Above, we adopted the convention that the time variation of the wave impedance did not alter the traveling force waves $f^\pm _i$ . In this case, the power represented by a traveling force wave is modulated by the changing wave impedance as it propagates. The signal power becomes inversely proportional to wave impedance:

$${\cal I}_i(t,x) = {\cal I}^{+}_i(t,x)+{\cal I}^{-}_i(t,x) = \frac{[f^{{+}}_i(t,x)]^2-[f^{{-}}_i(t,x)]^2}{R_i(t)}$$

In some applications (such as time-varying waveguide reverberation [434]), it may be preferable to compensate for the power modulation so that changes in the wave impedances of the waveguides do not affect the power of the signals propagating within.

In [436,437], three methods are discussed for making signal power invariant with respect to time-varying branch impedances:

1. The normalized waveguide scheme compensates for power modulation by scaling the signals leaving the delays so as to give them the same power coming out as they had going in. It requires two additional scaling multipliers per waveguide junction.

2. The normalized wave approach [299] propagates rms-normalized waves in the waveguide.
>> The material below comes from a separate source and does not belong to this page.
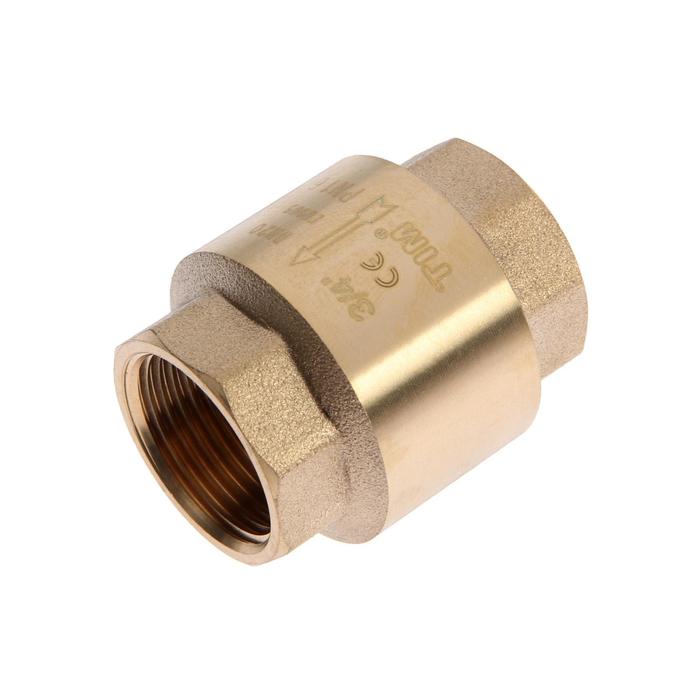 Клапан обратный TIM JH-1011std, 3/4", внутренняя/внутренняя резьба, латунный сердечник
Клапан обратный TIM JH-1011std, 3/4", внутренняя/внутренняя резьба, латунный сердечник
In this case, each delay-line contains $\tilde{f}^{+}_i(t,x) = f^{{+}}_i(t,x)/\sqrt{R_i(t)}$ and $\tilde{f}^{-}_i(t,x) = f^{{-}}_i(t,x)/\sqrt{R_i(t)}$ . In this case, the power stored in the delays does not change when the wave impedance changes. This is the basis of the normalized ladder filter (NLF) [175,299]. Unfortunately, four multiplications are obtained at each scattering junction. (The normalized junction has the same topology as the Kelly-Lochbaum junction, but with the two transmission coefficients being writable as $\cos(\theta)$ and the two reflection coefficients as $\pm\sin(\theta)$ , i.e., the junction can be viewed as a 2D rotation matrix through angle $\theta\in[-\pi,\pi)$ .)

3. The transformer-normalized waveguide approach changes the wave impedance at the output of the delay back to what it was at the time it entered the delay using a ``transformer'' (defined in §C.16).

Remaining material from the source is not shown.